Though the disease is often confined exclusively to soldiers in the midst of a civil population, examples are not wanting of an exclusive selection of civilians or of an indiscriminate attack in every direction. Lastly, dysentery is a disease which may recur repeatedly in the same individual, one attack rather predisposing to than preventing another.

ETIOLOGY.—Dysentery is an omnipresent disease. "Wherever man is," Ayres observed of it nearly a quarter of a century ago, "there will some of its forms appear." But the character of the form, and more especially the extent and severity of the disease, vary in extreme degree with the conditions surrounding the abode of man. No one of these conditions affects the disease so markedly as the climate. It is the testimony of Hirsch, based upon the study of seven hundred epidemics of the disease, that no other disease is so dependent upon the influence of the climate. The home of dysentery is the tropical zone. It prevails in greatest frequency and virulence in the tropics, and in those regions of the tropics where the characteristics of this zone are more pronounced, diminishes in intensity in the temperate regions, and occurs only in sporadic form farther north. At 40° latitude the line may be pretty sharply drawn; beyond it dysentery as an epidemic is almost unknown.3

3 Shakespeare (Troilus and Cressida) cites "griping of the guts" among the "rotten diseases of the south."

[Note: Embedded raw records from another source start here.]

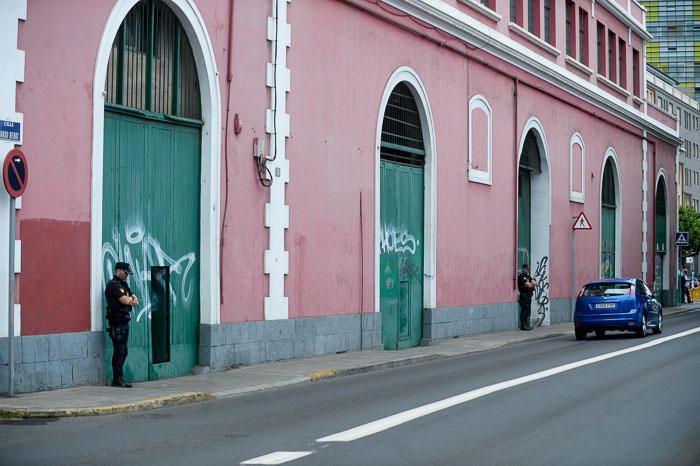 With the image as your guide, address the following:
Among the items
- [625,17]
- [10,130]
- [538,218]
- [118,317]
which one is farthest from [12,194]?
[625,17]

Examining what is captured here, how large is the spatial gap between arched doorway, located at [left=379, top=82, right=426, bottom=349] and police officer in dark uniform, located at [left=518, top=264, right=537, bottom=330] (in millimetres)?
6034

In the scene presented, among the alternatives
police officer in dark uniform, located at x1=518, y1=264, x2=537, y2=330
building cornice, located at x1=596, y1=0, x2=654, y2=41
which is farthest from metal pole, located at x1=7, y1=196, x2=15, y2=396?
building cornice, located at x1=596, y1=0, x2=654, y2=41

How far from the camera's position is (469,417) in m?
A: 12.0

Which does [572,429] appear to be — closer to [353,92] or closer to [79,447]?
[79,447]

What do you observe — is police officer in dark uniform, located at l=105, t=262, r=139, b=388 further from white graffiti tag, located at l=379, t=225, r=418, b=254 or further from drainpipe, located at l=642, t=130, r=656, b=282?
drainpipe, located at l=642, t=130, r=656, b=282

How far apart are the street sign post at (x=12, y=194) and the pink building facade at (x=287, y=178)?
0.58ft

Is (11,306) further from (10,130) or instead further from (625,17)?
(625,17)

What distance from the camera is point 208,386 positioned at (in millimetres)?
15492

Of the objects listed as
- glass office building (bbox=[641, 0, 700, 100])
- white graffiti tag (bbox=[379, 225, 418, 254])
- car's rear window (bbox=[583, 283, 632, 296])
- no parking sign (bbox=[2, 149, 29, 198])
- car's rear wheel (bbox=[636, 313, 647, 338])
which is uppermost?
glass office building (bbox=[641, 0, 700, 100])

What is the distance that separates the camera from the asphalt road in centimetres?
947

India has been from time immemorial the hotbed of this disease. Henderson says it is perhaps more fatal to natives than all other diseases put together, and Hutchinson, Hunter, and Tytler observe that it causes three-fourths of the deaths among the natives of Hindostan. In Egypt the disease is indigenous, and is, according to Frank, post pestem maxime timendus. Greisinger reports that one-half of all the autopsies made by him in Egypt showed dysentery as a primary or secondary affection. It is epidemic here at all times, Roser says, and all fatal cases of acute or chronic disease finally perish with it.